Clarisse's story illustrates the sadness that attends so many childhood pregnancies, and the price young girls pay in missed opportunities for personal development. But many girls pay an even higher price. UNFPA's latest research confirms that pregnancy and childbirth are now a leading cause of death for females ages 15 - 19 in developing countries, with some 70,000 adolescent girls dying each year from causes related to pregnancy and childbirth. These statistics are particularly tragic because so many of these deaths are preventable.
In a world confronting so many problems, from natural disasters to armed conflicts to climate change, there is a natural inclination to say, "This is how it has always been, and probably how it will always be. Teen pregnancy is a terrible problem, but we have other priorities we need to address." And that would be a mistake.
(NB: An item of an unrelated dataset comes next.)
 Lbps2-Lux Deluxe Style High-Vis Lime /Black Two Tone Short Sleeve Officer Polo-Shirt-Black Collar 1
Because adolescent pregnancy isn't just a problem in Chad and for the nations of the developing world. It's a problem for us all.
More than seven billion of us now share a fragile ecosystem that provides inadequate food, water, shelter and sanitation to a sizable and growing percentage of the human population. And in many cases, population is growing fastest in nations with the fewest resources. Teen pregnancies are contributing to that population growth and damaging the economic potential of many nations in the developing world. If Kenya's more than 220,000 adolescent mothers had gotten jobs instead of getting pregnant, for example, it would have added $3.4 billion to the Kenyan economy, an amount equal to the nation's entire construction sector. And because the development of nations at the bottom of the economic ladder is vital to growth of the overall global economy, issues that handicap that growth hurt us all.
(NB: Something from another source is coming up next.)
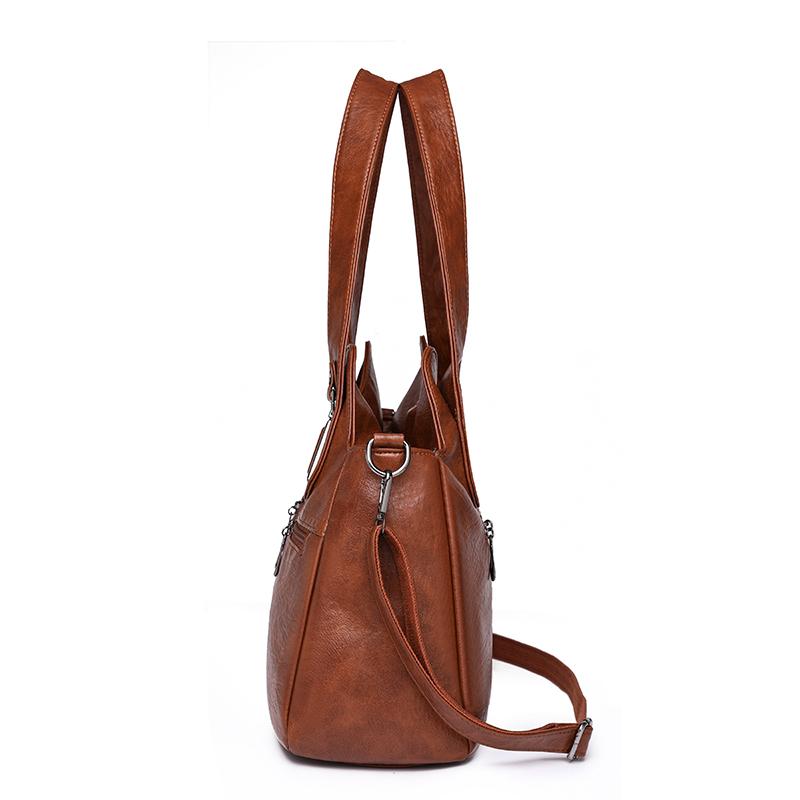Women PU Leather Large Capacity Shoulder Bag Ladies Vintage Satchels Bags 2025 Summer Designer Handbag Tote Crossbody Bag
Adolescent pregnancy may pose special challenges to the nations of the developing world, but it is problem for developed nations as well. There are currently approximately 680,000 births to adolescent mothers in developed countries annually, with nearly half of those occurring in the United States. The additional costs to U.S. taxpayers for increased health care and foster care, as well as the costs generated by the increased incarceration rate of children of adolescent mothers, is estimated to total nearly $11 billion per year.
Adolescent pregnancy diminishes the life opportunities of girls everywhere, but the cost goes beyond the burden borne by the girls themselves. And that is why it is our collective responsibility to address this problem. We can start by thinking about adolescent pregnancy in new ways, beginning with the understanding that society -- not just the teenage girl -- is the source of the problem. We can advance the human rights of adolescent girls by adopting more enlightened attitudes about gender roles and gender equality. And we can follow that up with specific actions that have demonstrated their effectiveness in reducing adolescent pregnancy.
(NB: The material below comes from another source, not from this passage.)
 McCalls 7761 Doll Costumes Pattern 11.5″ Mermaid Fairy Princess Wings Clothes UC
We must, for example, overcome harmful cultural traditions and historic prejudices, and end child marriage. And since we know that education is a strong prophylactic against teen pregnancy, we must find ways to keep girls in school. We also need to dramatically increase adolescents' access to age-appropriate sexual and reproductive health information and to contraceptive products. And we need to provide better support for adolescent mothers.
Clarisse's story is not over. As a young mother, she has found time to go back to school. She is years behind, but she is working hard to catch up. She, and young mothers like her around the world, need and deserve our help. But we can, and must, do more to help ensure that young girls never have to face the life choices Clarisse had to face. It is within our power to significantly reduce the incidence of adolescent pregnancy, and it is in our collective best interest to do it.